The two outliers in the results are the edge cases: one simple, one complex. There’s a case to be made for throwing them both out.

The first test case, #n1, is very fast in Sylvain’s version because it’s smart enough to realize, “Oh, I can just use document.getElementById.” IDs are privileged in the DOM API, but for XPath querying by ID is no different from querying by any other attribute. So Sylvain’s version, optimized for the simple case, wins.

It’s a bad example, though, because you probably wouldn’t describe the element that way — you’d use document.getElementById. Or, in other words: if you’re using $$("#n1") instead of $('n1'), you’re being silly.

The other outlier is a very complex selector: html body div .c2 div #n8.c4. It’s also heterogeneous — it queries by ID, by class, and by descendance. Sylvain’s version, while still much faster than Sam’s, is nonetheless sluggish. The XPath version leaves both in the dust.

But this is also a bad example. There are few situations when you’d need to query the DOM with such granularity.

So it depends.

Moral of the story

Sylvain’s version of $$ should, in my opinion, be used by anyone who’s using Prototype. Excluding selectors that match on attributes (which it can’t parse), it’s faster than Sam’s version in all cases and across all browsers.

Meanwhile, I’m convinced that XPath is going to be a major part of client‐side web apps very soon. (Assuming IE8 will support it. Gah.) The XPath version of $$ is also a lot faster than Sam’s, and in most cases is slightly faster than Sylvain’s. In addition, it handles attribute selectors with ease. But it won’t make DOM queries faster in IE. 5

(Also, consider document.getElementsByClassName, which gets a huge performance boost when XPath is used.)

I’ll probably end up using both, even though that means I’ll have three different versions of $$, because each has an upside that’s too good to pass up. I’ll be able to use $$ in my code and leave it to the browser to figure out which version it should use.
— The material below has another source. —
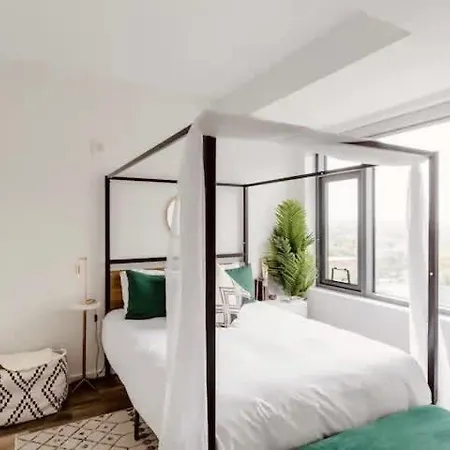 Luxury South End With Views Apartment *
  1. Matching a class name in XPath is a little strange. You can’t simply test for equality (//*[@class='s1']): you’ll get false negatives, since that expression won’t match an element with more than one class. You can test for a substring match (//*[contains(@class, 's1')]), but you’ll get false positives, since you’ll also pick up elements with classes of ss1 and s1s. So you have to get a little hacky. Add leading and trailing spaces to the class name, then check for a substring with leading and trailing spaces: //*[contains(concat(' ', @class, ' '), ' s1 ')]. It’s nuts, but it works. Thank god for XPath’s string manipulation functions.
  2. The mixed performance results of Sylvain’s and my versions can be attributed to differences in computational complexity. For the simple case, a string parser is very fast. But as the selector gets more complex, the cost of parsing that string increases very quickly, whereas the cost of an XPath query hardly increases at all. In other words: for XPath, //*[@id='n1']//*[contains(concat(' ', @class, ' '), ' c2 ')][contains(concat(' ', @class, ' '), ' c4 ')] is only a little slower than //*[@id='n1'].
  3. Opera’s XPath parser is, shall we say, fickle. Open this test page in Opera 9 and you’ll see that three different expressions — equivalent within the scope of this page — return different results. This makes no sense. I filed a bug.
  4. Seriously — what the hell is going on here? Am I doing something wrong? Can anyone explain these results to me? I did a separate test for WebKit wherein I iterated an XPath query directly, just to make sure the CSS→XPath conversion wasn’t to blame, but it didn’t shave off much time. It’s so slow that it makes DOM methods look fast by comparison. I really hope they improve the performance before the next Safari release, or else I’ll have to filter WebKit out manually so it gets Sylvain’s version.
  5. But, as Dean explains, IE has its own trick for speeding up CSS selector queries, albeit only on page load. (Perhaps Justin Palmer can integrate these approaches into event:Selectors.)